Why we stayed bootstrapped
One choice we made early that shaped everything: we did not raise external capital. This was deliberate. When you raise a seed round, the implicit pressure is to optimize for growth metrics fast — ticket volume handled, number of integrations, number of logos. We did not want to run that playbook. We wanted to stay focused on resolution quality, which means taking on customers slowly, understanding their support topology deeply before deploying, and being honest when a use case is not right for Replixa yet.
Staying bootstrapped also meant we could build at the pace of quality rather than the pace of pressure. The first twelve months of building Replixa were almost entirely infrastructure — the integration layer, the confidence scoring system, the escalation logic that keeps humans in the loop for anything the model is not certain about. We did not launch a customer-facing product until we could demonstrate 85%+ resolution accuracy on a controlled dataset. That kind of patience is only possible when you are not burning through a runway that someone else owns.
What we got wrong first
We initially thought the right architecture was a single large model doing intent classification and resolution together. It was slow and expensive to operate, and accuracy on edge cases was unpredictable in ways that were hard to debug. The insight that fixed this was separating the classification pass from the resolution pass. A faster, cheaper classification step categorizes the ticket and assigns a confidence score before the resolution model ever sees it. Low-confidence tickets bypass the model entirely and go directly to human agents with the classification metadata attached, so the agent has context even without AI involvement.
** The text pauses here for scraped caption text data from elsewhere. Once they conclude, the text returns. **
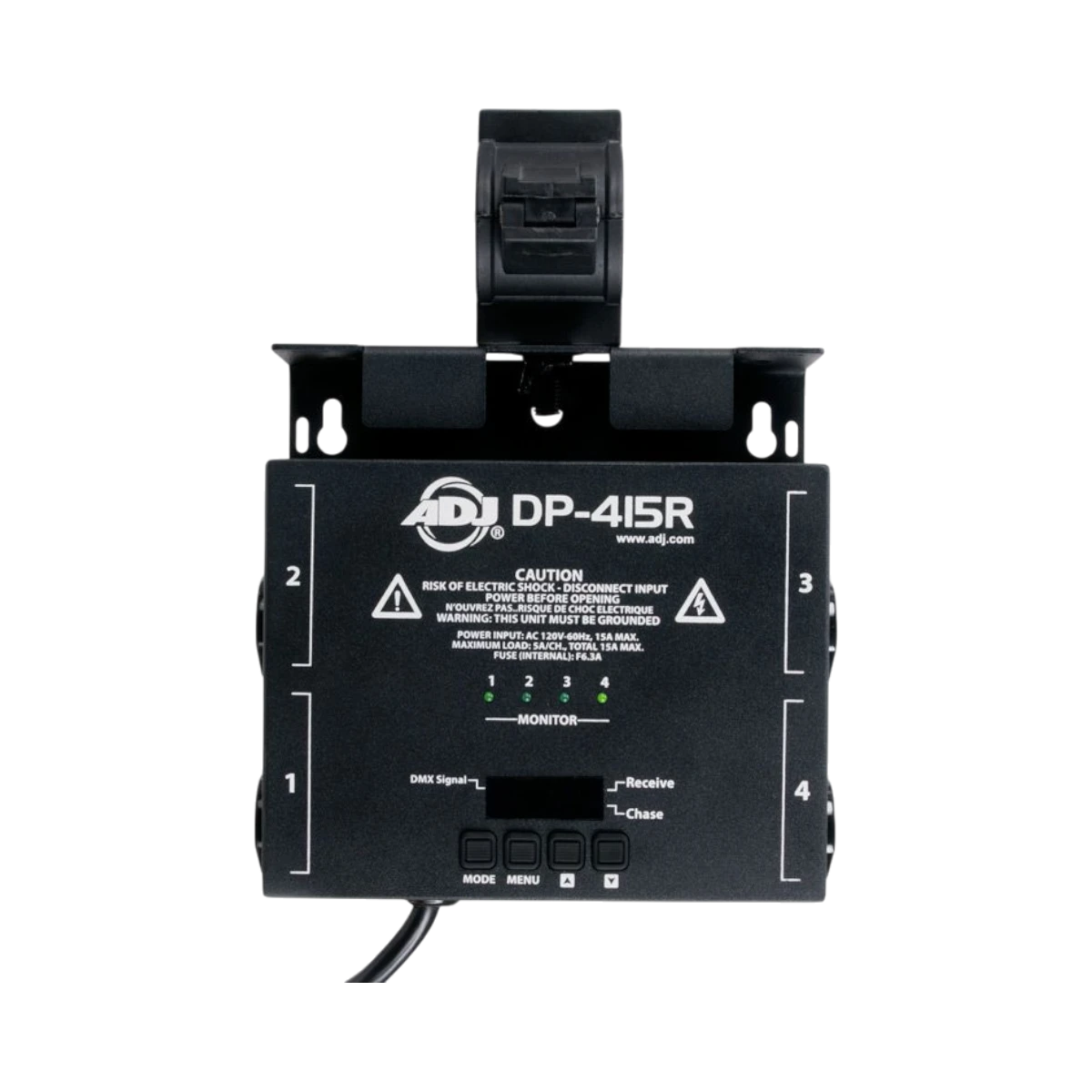 ADJ DP-415R 4-Ch 600W DMX Dimmer/Switch Pack with RDM — Being Shipped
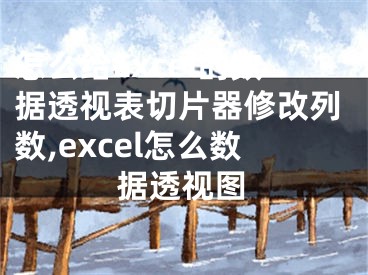 怎么給Excel的數(shù)據(jù)透視表切片器修改列數(shù),excel怎么數(shù)據(jù)透視圖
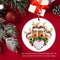 Reindeer Family Christmas Tree Ornament Assorted Christmas Fawn Pendants Gift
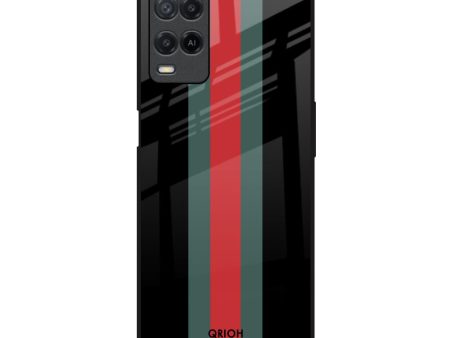 Vertical Stripes Glass Case for Realme 8 Hot on Sale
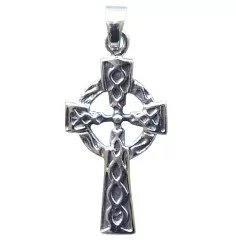 Anhänger - Keltisches Kreuz mit Sonnenrad- 925 Silber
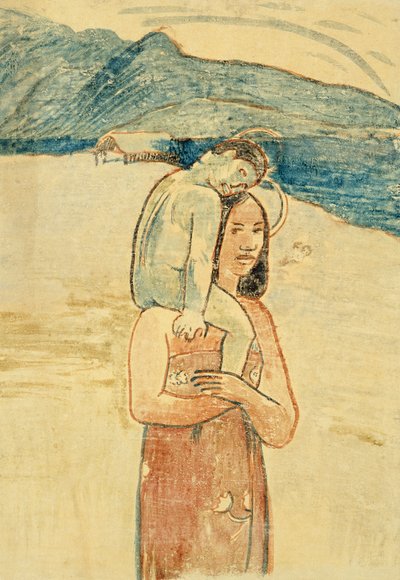 Jeg hilser dig Maria, ca. 1894 (litho) af Paul Gauguin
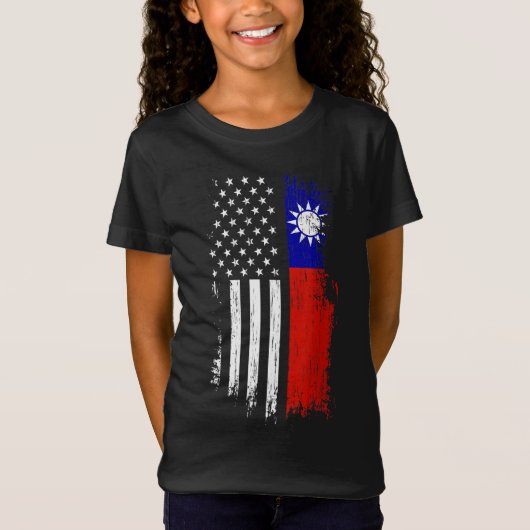 台湾米州旗 – 台湾プライドUSA Tシャツ (正面)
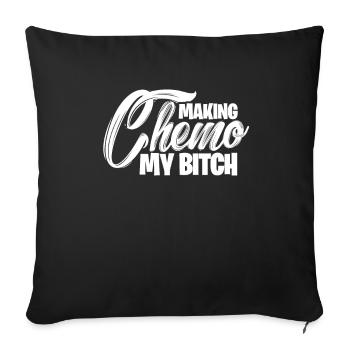 Krebs Krank Krankheit Kampf Geschenk - Sofakissenbezug 45 x 45 cm - Schwarz - Vorne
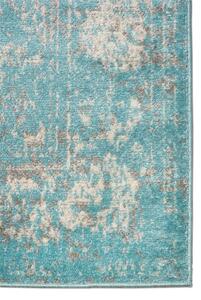 Makro Abra Kusový koberec ALESTA H182A světle modrý Rozměr: 60x200 cm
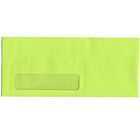 JAM Paper #10 Window Envelopes, 4 1/8 x 9.5, Brite Hue Ultra Lime Green, 500 Pack (5156480H)-Product Type: Brite Hue Window Envelope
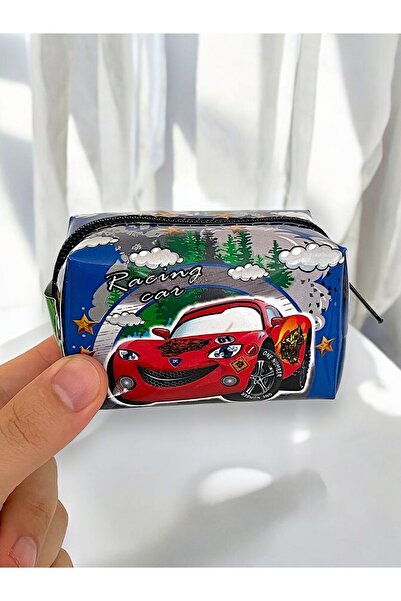 MAB Children's Coin Purse - with Car, Cartoon Pattern, 9.5X5X6Cm, Back to School Gift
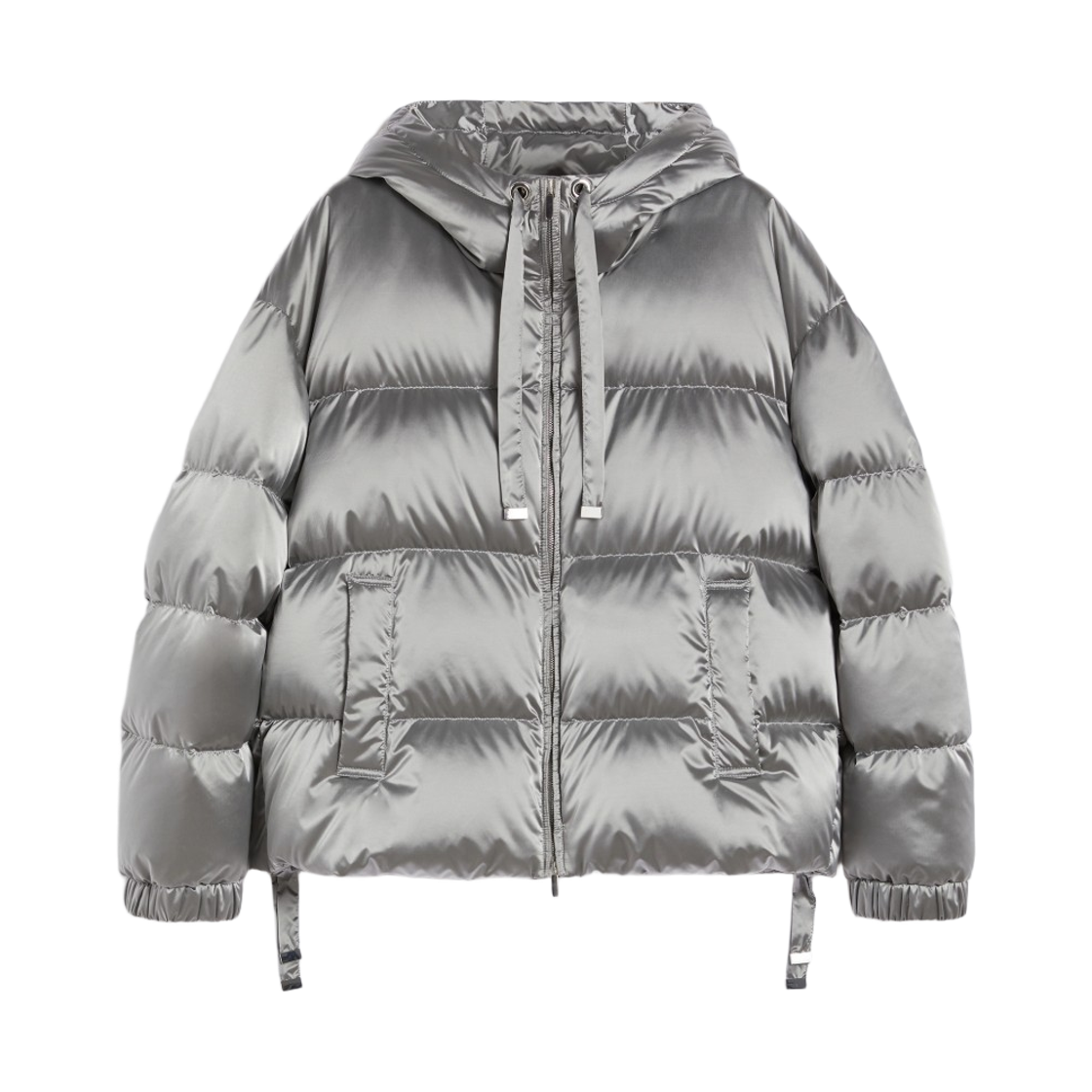 (W) 막스마라 더 큐브 크로셰 발수 패딩 미디움 그레이((W) Max Mara The Cube Crochet Water-Repellent Padding Medium Grey)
This two-pass architecture is now the core of how Replixa works, and it is what makes the escalation logic reliable. The system is never trying to resolve something it is not confident about. That single structural choice is what closes the gap between "AI chatbot that occasionally gets things wrong" and "resolution system that agents actually trust."
Where we are now
Replixa today can connect to your helpdesk platform, read new tickets as they arrive, classify intent with a confidence score, resolve the ones it is certain about, and escalate the rest with structured metadata. We support Zendesk and Intercom as primary helpdesk surfaces, with more integrations in active development.
The team that built this is five people, including the three of us who co-founded it. We work out of Austin and we talk to every customer directly before they go live. We are not going to be the right fit for every support team, and we will tell you that clearly. But if your queue is 60-70% repetitive resolvable tickets and your best agents are burning out closing password resets, this is exactly what we built for.
The support triage trap is not a people problem. It is a structural problem that gets worse as you hire. We built Replixa because the only fix is getting the resolvable work out of the human queue entirely — not routing it better, but closing it autonomously before a human ever touches it.